October 14, 2012 2 comments

I really enjoy reading accounts of how companies overcome a minefield of obstacles to achieve both financial and social success. It’s much easier to achieve financial success at the top in exchange for social freedom at the bottom than it is to achieve success in both areas at the same time (hint: HR groups are the greatest impediment to dual success). For confirmation of this assertion, simply look at the coupling between profit margins and social misery at any third world sweatshop.

One such double financial + social success story is told in the Fast Company article:” How Target’s CEO Inspires Teamwork At A Massive Scale”. However, BD00, the saucy and skeptical bloke that he is, always consumes such anecdotes with a grain of salt when the narrator is a single soul from the C-level suite.

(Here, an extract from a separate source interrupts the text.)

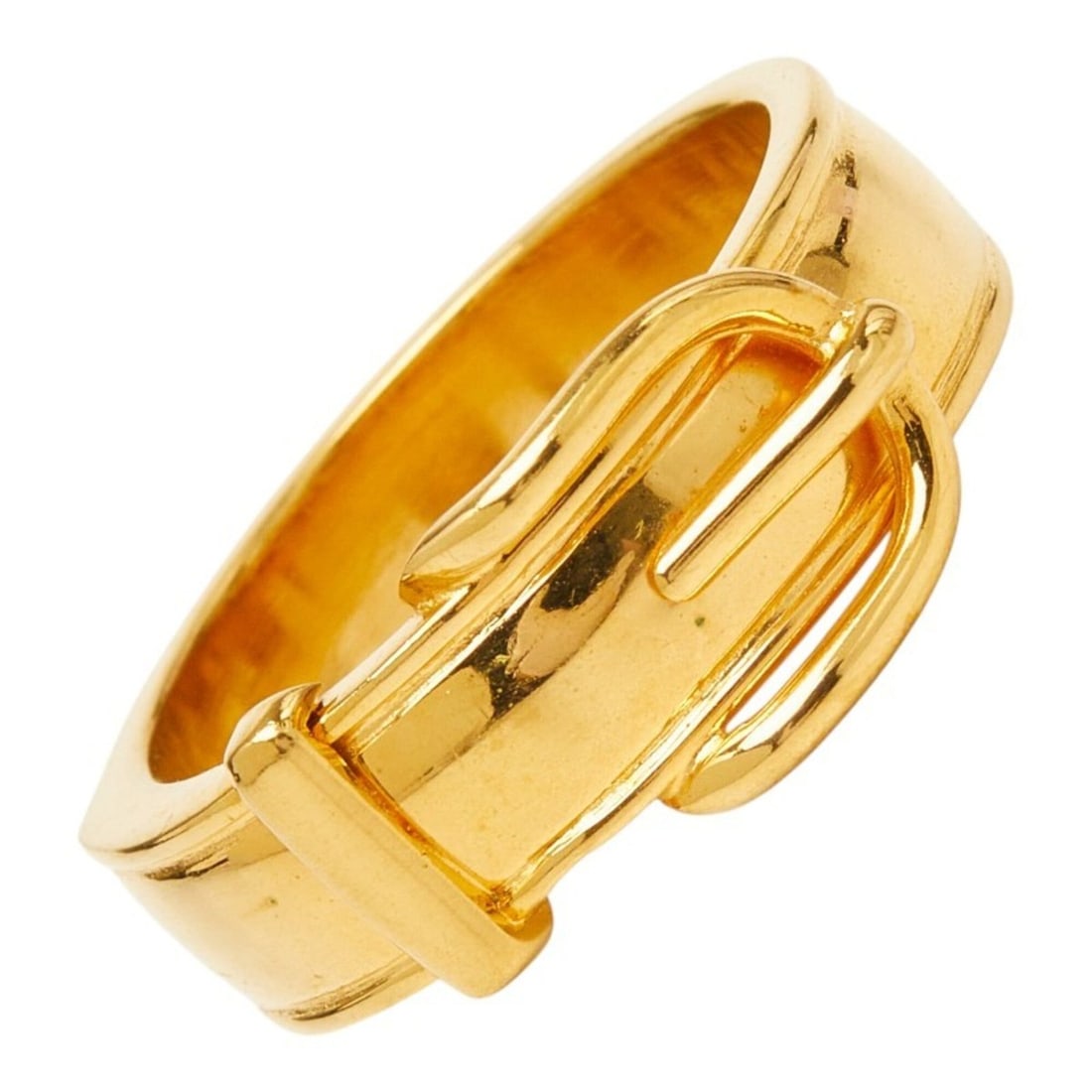 Hermes Ceinture Scarf Ring, Gold Plated (GP), Women's: --- Catalog ---Category: SizeInner Diameter: 19.60mm / 0.77''Category: DesignColor: GoldGender: WomenCategory: GeneralBrand: Hermes--- Item List ---Section: ConditionRanking: Rank AB Used - Traces of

In the Target story, the telltaler is the CEO himself, Mr. Gregg Steinhafel.

The good news is that Gregg wasn’t appointed from without. He rose through the ranks:

“A veteran of Target’s rank and file, Steinhafel joined the company back in 1979, worked his way up over the next two decades to become president, and eventually took the corner office in 2008.

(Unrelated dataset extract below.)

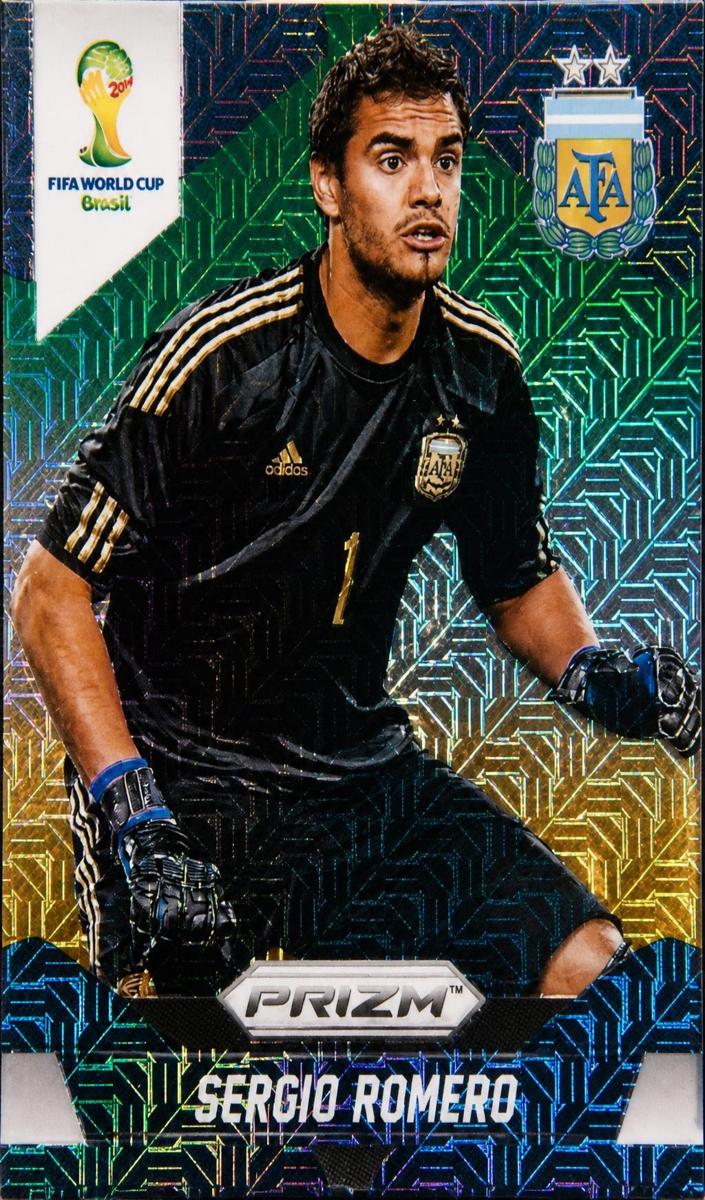 2014 Panini Prizm World Cup Sergio Romero [El Samba] #4 card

The bad news is that when you traverse the article and pluck out his quotes, they are the same old, same old:

“We are the coaching staff that help design the playbook, but implement it at the same time.”

“At Target, nothing happens without a large, collaborative effort.”

“Everyone is a mentor and mentee. It is one of the fun and exciting parts of [any] job.”

“It’s our responsibility to act and continue to support the teams.”

“All the senior leaders like to sit down and forward think, and anticipate where the puck is going.”

“We benchmark against the world’s best to develop ideas for future growth.”

“We are constantly checking in.”

Direct quotes and disrespectfully snarky graphic aside, the double success story at Target seems genuine and I’m thrilled that the company has leveraged social media tools to improve its performance through networked collaboration. I just wish that some lower level employees were asked to contribute to its telling – anonymously, of course.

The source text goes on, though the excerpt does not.